* [Aim of the task] With images removed, transcribe each record exactly as it appears.

* [Records provided]

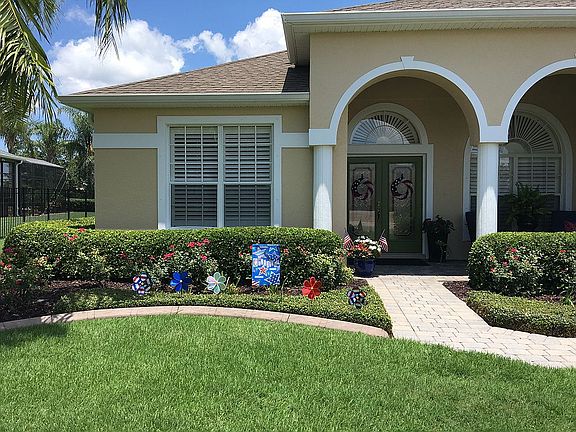 Front lawn view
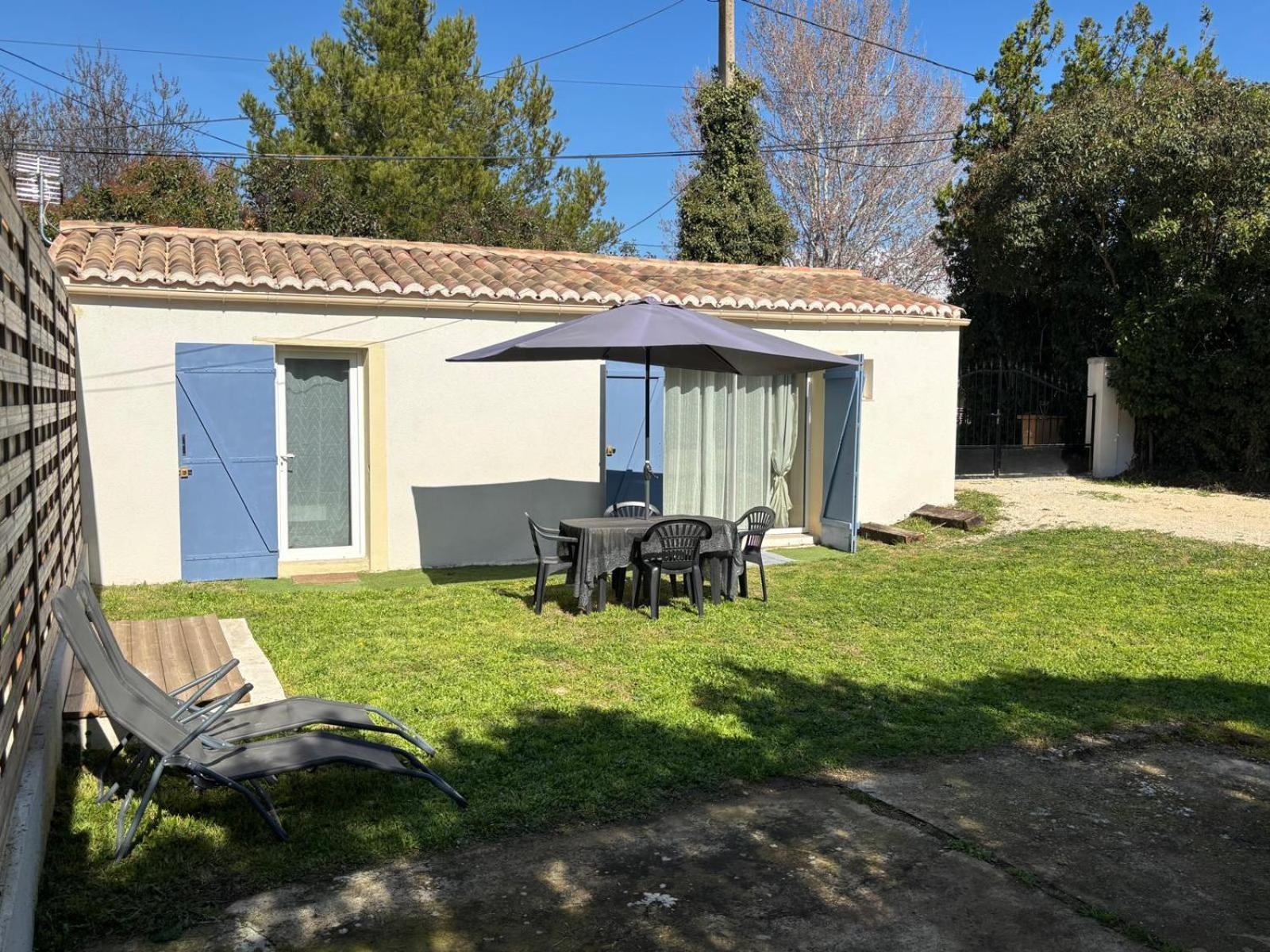 Maison De Vacances En Campagne Кавайон Екстериор снимка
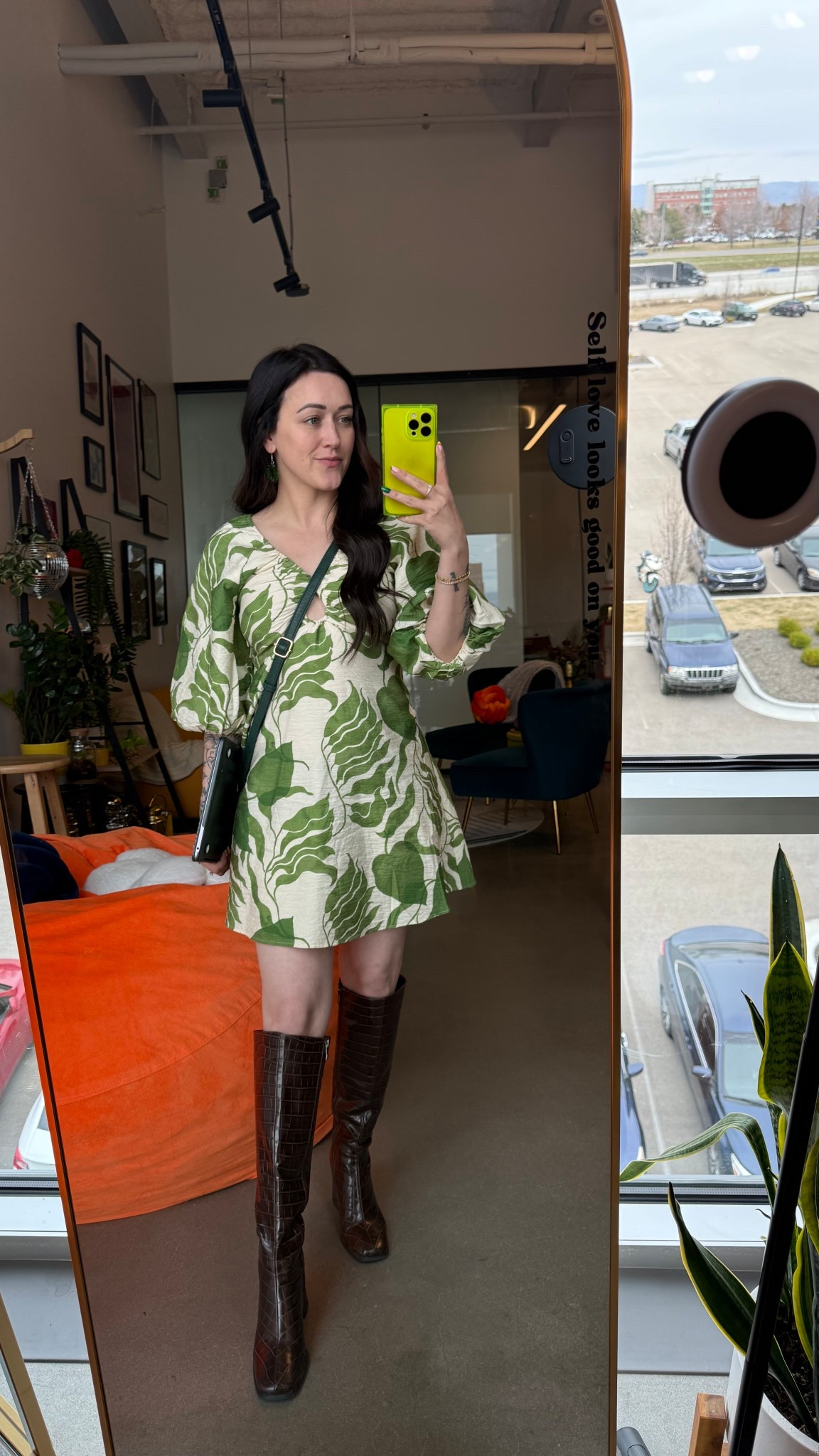 Green leaf H&M midi spring dress


#LTKStyleTip #LTKFindsUnder50 #LTKSeasonal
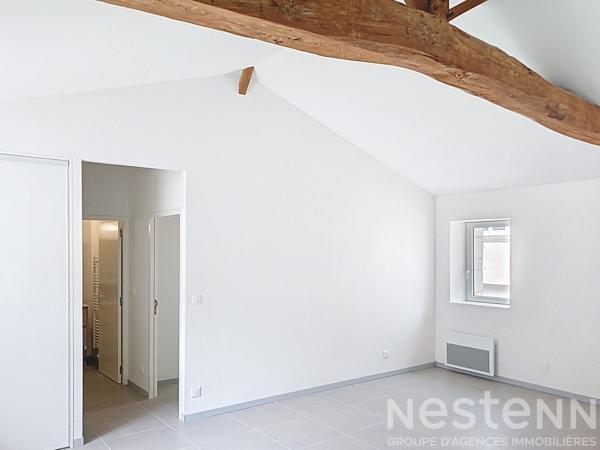 Appartement rénové à neuf de 52 m² et garage de 50m² au centre de Saujon.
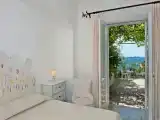 Двухместный номер Стандарт с частичным видом на море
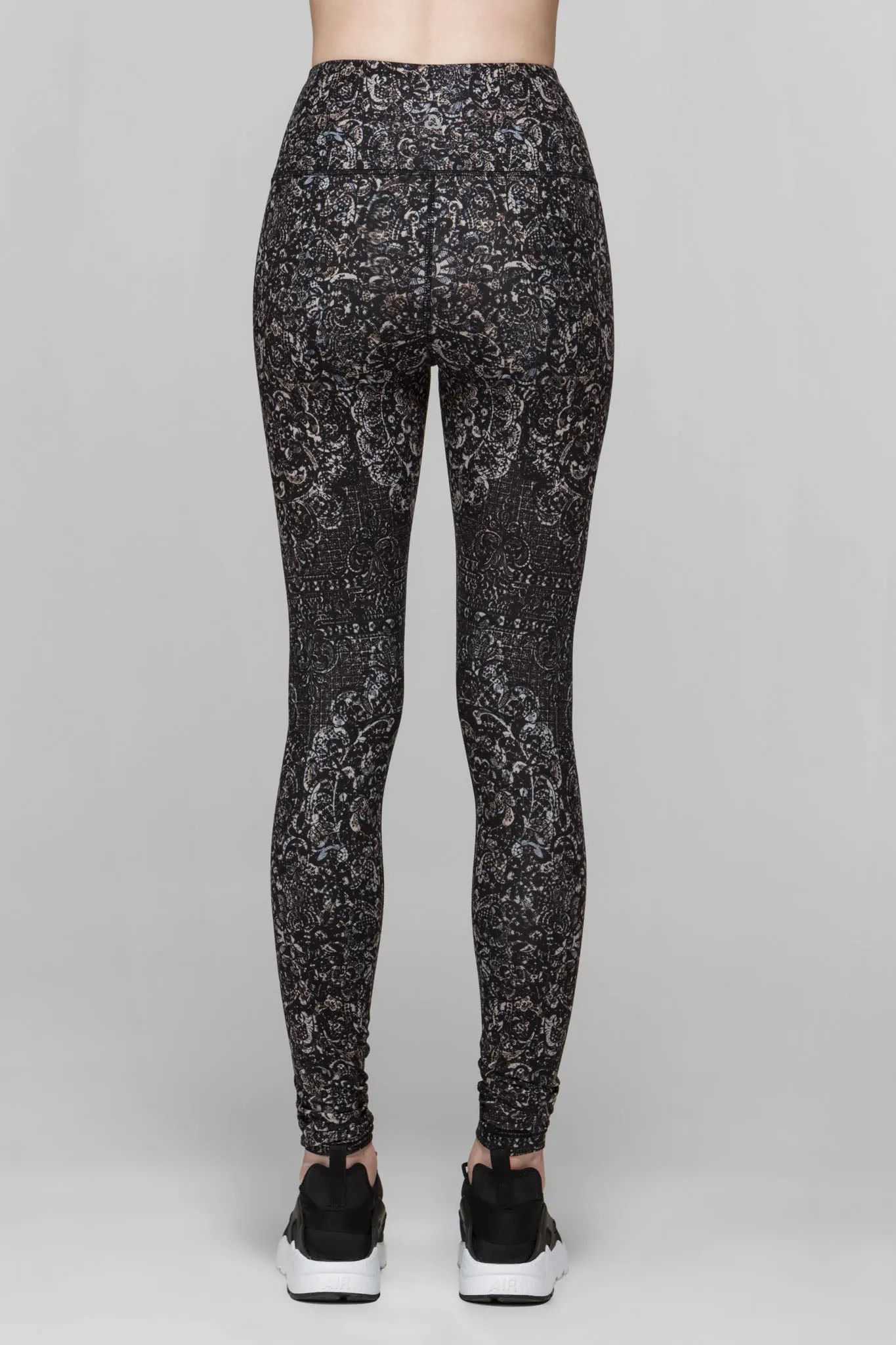 Aria Graphic Leggings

* [Written response]
 Front lawn view
 Maison De Vacances En Campagne Кавайон Екстериор снимка
 Green leaf H&M midi spring dress


#LTKStyleTip #LTKFindsUnder50 #LTKSeasonal
 Appartement rénové à neuf de 52 m² et garage de 50m² au centre de Saujon.
 Двухместный номер Стандарт с частичным видом на море
 Aria Graphic Leggings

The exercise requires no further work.